As for the superintendent and school board, they were willing to hear Estes’ grievances, but said their deliberations would take several weeks, meaning the yearbook had to go to press without the teen-mother feature.

Wimps.

It’s now water under the bridge, but the yearbook staff may have a legitimate complaint if they wanted to pursue this matter in the courts. It would be a tough fight. A 1988 Supreme Court decision allows school officials to censor student publications if they can provide a reasonable educational justification for the censorship.

Since Cash argued that featuring teen mothers in the publication contradicted the abstinence-only curriculum, he was offering a “reasonable educational justification,” at least in his mind. Methinks he would rather not advertise how clearly that curriculum is not working 100% of the time.

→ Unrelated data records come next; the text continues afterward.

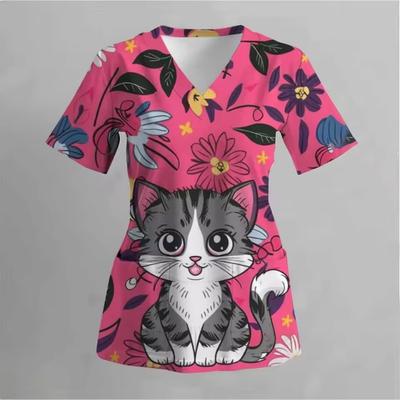 Matte Medical Uniform Pink Ribbon Cat Pattern Women's Uniform V-neck Short Sleeve Top with Pocket Women's 3D Print Protective Clothing
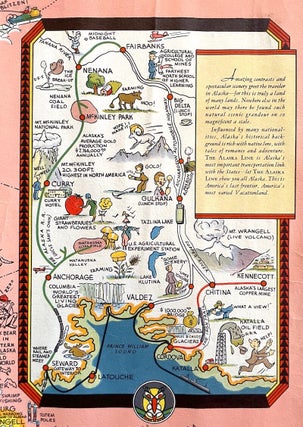A Good-Natured Map of Alaska: Showing the Services Offered by "The Alaska Line" (1934)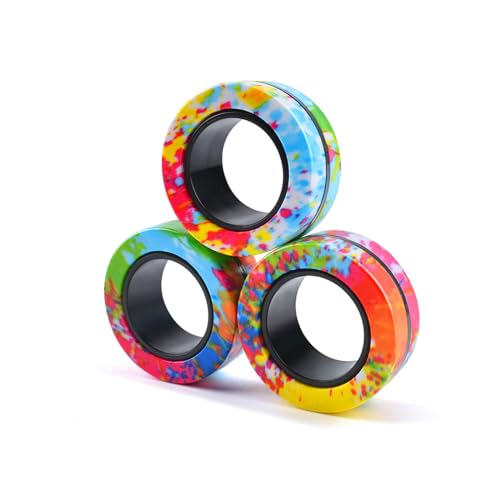 3Pcs Magnetic Rings Fidget Toy Set, Idea ADHD Anxiety Magnetic Fidget Toys Adults Fidget Spinner Rings for Relief, Christmas Stocking Stuffers Gifts for 8 9 10 11 12 13+ Year Old Teen Boy Girl A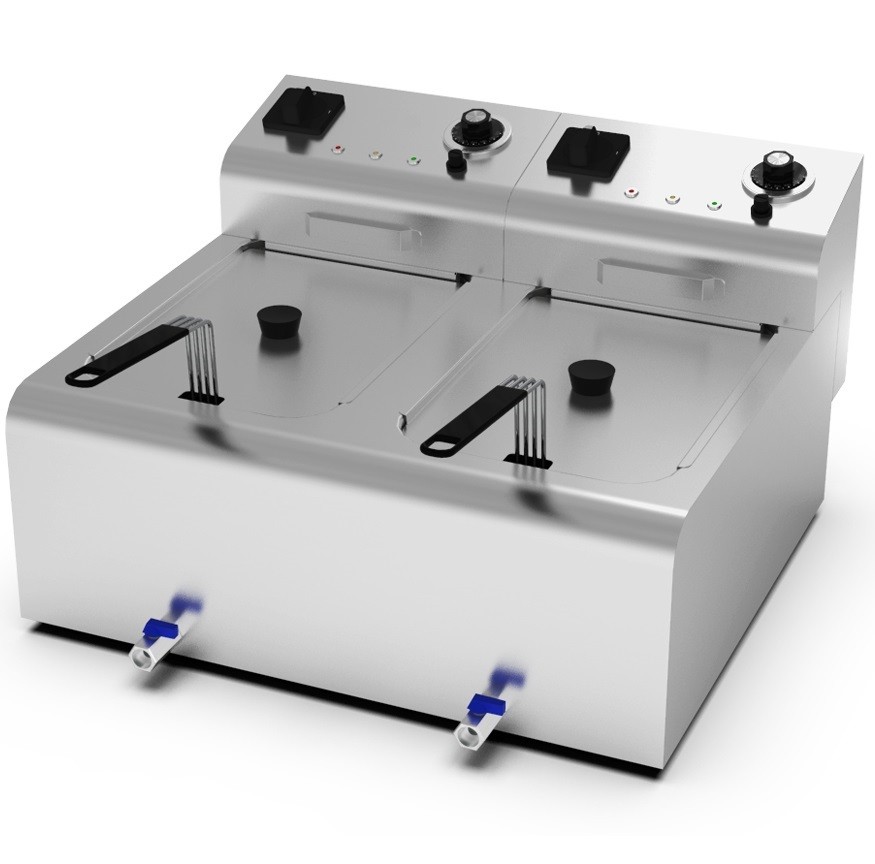 Fritadeira Industrial Elétrica Dupla de Bancada Trifásica POTENTE de 10 +10 Litros com Cabeças Removíveis, Cestos, Tampas e Torneiras, +195°C, 18000 Watts (transporte incluído) - Refª 102712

His community standard argument is a crock, though. If community is against teen pregnancies, that’s understandable. To bury its head in the sand and deny teens do get pregnant, that’s just plain stupid. Admitting teen mothers exist is not the same as encouraging teenage girls to become mothers while still in high school. That’s the largely discredited argument abstinence-only lovers offer against more realistic sex ed curricula: tell the kids how sex can be done with contraception and they’ll all run out and try it.

We may never get to read the proposed article, but it’s safe to assume the two girls featured in it would not advise their peers to become mothers early on. They both took the brave — and difficult — path to keep their kids and continue with their education, regardless of the social consequences and nasty gossiping.

Publicizing their choices and decisions would actually bolster the argument for abstinence-only behavior, however unrealistic that advice may be. Instead, Burleson High’s students may never get that kind of an education, because of blue-nosed administrators.